*Prompt*. Line by line, transcribe all of the entries exactly.

*Source material*.
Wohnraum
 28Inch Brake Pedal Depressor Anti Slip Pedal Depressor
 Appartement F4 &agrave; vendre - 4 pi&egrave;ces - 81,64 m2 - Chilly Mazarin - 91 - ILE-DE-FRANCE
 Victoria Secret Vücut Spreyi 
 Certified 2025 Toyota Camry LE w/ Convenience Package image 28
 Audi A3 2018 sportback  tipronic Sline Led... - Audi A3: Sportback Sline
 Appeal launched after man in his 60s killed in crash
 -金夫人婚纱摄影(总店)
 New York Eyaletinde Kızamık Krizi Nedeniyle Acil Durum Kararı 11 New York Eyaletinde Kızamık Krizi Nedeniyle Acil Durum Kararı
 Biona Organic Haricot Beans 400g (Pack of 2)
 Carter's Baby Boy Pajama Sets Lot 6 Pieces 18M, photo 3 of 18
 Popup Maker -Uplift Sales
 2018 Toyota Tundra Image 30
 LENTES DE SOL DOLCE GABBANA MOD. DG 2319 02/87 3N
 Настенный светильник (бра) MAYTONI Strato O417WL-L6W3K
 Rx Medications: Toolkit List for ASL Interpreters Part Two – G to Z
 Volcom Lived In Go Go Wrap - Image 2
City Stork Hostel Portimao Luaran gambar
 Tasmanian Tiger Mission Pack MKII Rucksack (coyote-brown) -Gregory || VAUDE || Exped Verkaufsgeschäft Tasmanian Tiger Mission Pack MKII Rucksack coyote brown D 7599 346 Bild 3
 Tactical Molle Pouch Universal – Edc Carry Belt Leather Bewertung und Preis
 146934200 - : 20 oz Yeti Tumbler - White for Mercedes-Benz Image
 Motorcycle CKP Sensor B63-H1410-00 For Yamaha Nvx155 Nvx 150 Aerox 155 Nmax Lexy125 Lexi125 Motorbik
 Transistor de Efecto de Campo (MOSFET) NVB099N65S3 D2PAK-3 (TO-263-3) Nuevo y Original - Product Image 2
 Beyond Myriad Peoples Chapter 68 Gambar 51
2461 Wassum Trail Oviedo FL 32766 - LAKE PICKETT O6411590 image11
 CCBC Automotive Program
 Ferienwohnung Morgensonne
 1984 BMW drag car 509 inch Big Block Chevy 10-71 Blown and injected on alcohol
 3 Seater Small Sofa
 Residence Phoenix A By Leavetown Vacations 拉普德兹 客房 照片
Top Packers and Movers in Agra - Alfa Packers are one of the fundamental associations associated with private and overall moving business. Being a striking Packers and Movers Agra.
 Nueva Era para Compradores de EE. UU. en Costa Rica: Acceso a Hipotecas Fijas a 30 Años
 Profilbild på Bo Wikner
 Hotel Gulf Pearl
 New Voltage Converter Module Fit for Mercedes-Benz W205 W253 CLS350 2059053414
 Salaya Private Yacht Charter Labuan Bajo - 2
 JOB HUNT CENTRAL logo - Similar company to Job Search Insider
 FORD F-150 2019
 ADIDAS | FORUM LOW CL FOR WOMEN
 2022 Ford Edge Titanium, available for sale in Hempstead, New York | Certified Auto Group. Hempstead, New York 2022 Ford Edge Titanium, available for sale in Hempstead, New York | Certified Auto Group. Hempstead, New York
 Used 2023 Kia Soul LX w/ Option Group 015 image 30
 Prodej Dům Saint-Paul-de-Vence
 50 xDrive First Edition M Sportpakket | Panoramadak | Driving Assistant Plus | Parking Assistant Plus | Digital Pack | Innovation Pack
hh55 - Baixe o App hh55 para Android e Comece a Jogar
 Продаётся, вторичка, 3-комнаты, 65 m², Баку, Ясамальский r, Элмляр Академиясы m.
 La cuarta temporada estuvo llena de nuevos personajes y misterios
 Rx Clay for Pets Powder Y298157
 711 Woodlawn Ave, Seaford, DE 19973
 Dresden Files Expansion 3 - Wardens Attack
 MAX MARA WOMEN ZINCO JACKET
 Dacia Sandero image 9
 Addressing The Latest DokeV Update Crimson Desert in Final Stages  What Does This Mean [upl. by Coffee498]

*Expected answer*.
Wohnraum
 28Inch Brake Pedal Depressor Anti Slip Pedal Depressor
 Appartement F4 &agrave; vendre - 4 pi&egrave;ces - 81,64 m2 - Chilly Mazarin - 91 - ILE-DE-FRANCE
 Victoria Secret Vücut Spreyi 
 Certified 2025 Toyota Camry LE w/ Convenience Package image 28
 Audi A3 2018 sportback  tipronic Sline Led... - Audi A3: Sportback Sline
 Appeal launched after man in his 60s killed in crash
 -金夫人婚纱摄影(总店)
 New York Eyaletinde Kızamık Krizi Nedeniyle Acil Durum Kararı 11 New York Eyaletinde Kızamık Krizi Nedeniyle Acil Durum Kararı
 Biona Organic Haricot Beans 400g (Pack of 2)
 Carter's Baby Boy Pajama Sets Lot 6 Pieces 18M, photo 3 of 18
 Popup Maker -Uplift Sales
 2018 Toyota Tundra Image 30
 LENTES DE SOL DOLCE GABBANA MOD. DG 2319 02/87 3N
 Настенный светильник (бра) MAYTONI Strato O417WL-L6W3K
 Rx Medications: Toolkit List for ASL Interpreters Part Two – G to Z
 Volcom Lived In Go Go Wrap - Image 2
City Stork Hostel Portimao Luaran gambar
 Tasmanian Tiger Mission Pack MKII Rucksack (coyote-brown) -Gregory || VAUDE || Exped Verkaufsgeschäft Tasmanian Tiger Mission Pack MKII Rucksack coyote brown D 7599 346 Bild 3
 Tactical Molle Pouch Universal – Edc Carry Belt Leather Bewertung und Preis
 146934200 - : 20 oz Yeti Tumbler - White for Mercedes-Benz Image
 Motorcycle CKP Sensor B63-H1410-00 For Yamaha Nvx155 Nvx 150 Aerox 155 Nmax Lexy125 Lexi125 Motorbik
 Transistor de Efecto de Campo (MOSFET) NVB099N65S3 D2PAK-3 (TO-263-3) Nuevo y Original - Product Image 2
 Beyond Myriad Peoples Chapter 68 Gambar 51
2461 Wassum Trail Oviedo FL 32766 - LAKE PICKETT O6411590 image11
 CCBC Automotive Program
 Ferienwohnung Morgensonne
 1984 BMW drag car 509 inch Big Block Chevy 10-71 Blown and injected on alcohol
 3 Seater Small Sofa
 Residence Phoenix A By Leavetown Vacations 拉普德兹 客房 照片
Top Packers and Movers in Agra - Alfa Packers are one of the fundamental associations associated with private and overall moving business. Being a striking Packers and Movers Agra.
 Nueva Era para Compradores de EE. UU. en Costa Rica: Acceso a Hipotecas Fijas a 30 Años
 Profilbild på Bo Wikner
 Hotel Gulf Pearl
 New Voltage Converter Module Fit for Mercedes-Benz W205 W253 CLS350 2059053414
 Salaya Private Yacht Charter Labuan Bajo - 2
 JOB HUNT CENTRAL logo - Similar company to Job Search Insider
 FORD F-150 2019
 ADIDAS | FORUM LOW CL FOR WOMEN
 2022 Ford Edge Titanium, available for sale in Hempstead, New York | Certified Auto Group. Hempstead, New York 2022 Ford Edge Titanium, available for sale in Hempstead, New York | Certified Auto Group. Hempstead, New York
 Used 2023 Kia Soul LX w/ Option Group 015 image 30
 Prodej Dům Saint-Paul-de-Vence
 50 xDrive First Edition M Sportpakket | Panoramadak | Driving Assistant Plus | Parking Assistant Plus | Digital Pack | Innovation Pack
hh55 - Baixe o App hh55 para Android e Comece a Jogar
 Продаётся, вторичка, 3-комнаты, 65 m², Баку, Ясамальский r, Элмляр Академиясы m.
 La cuarta temporada estuvo llena de nuevos personajes y misterios
 Rx Clay for Pets Powder Y298157
 711 Woodlawn Ave, Seaford, DE 19973
 Dresden Files Expansion 3 - Wardens Attack
 MAX MARA WOMEN ZINCO JACKET
 Dacia Sandero image 9
 Addressing The Latest DokeV Update Crimson Desert in Final Stages  What Does This Mean [upl. by Coffee498]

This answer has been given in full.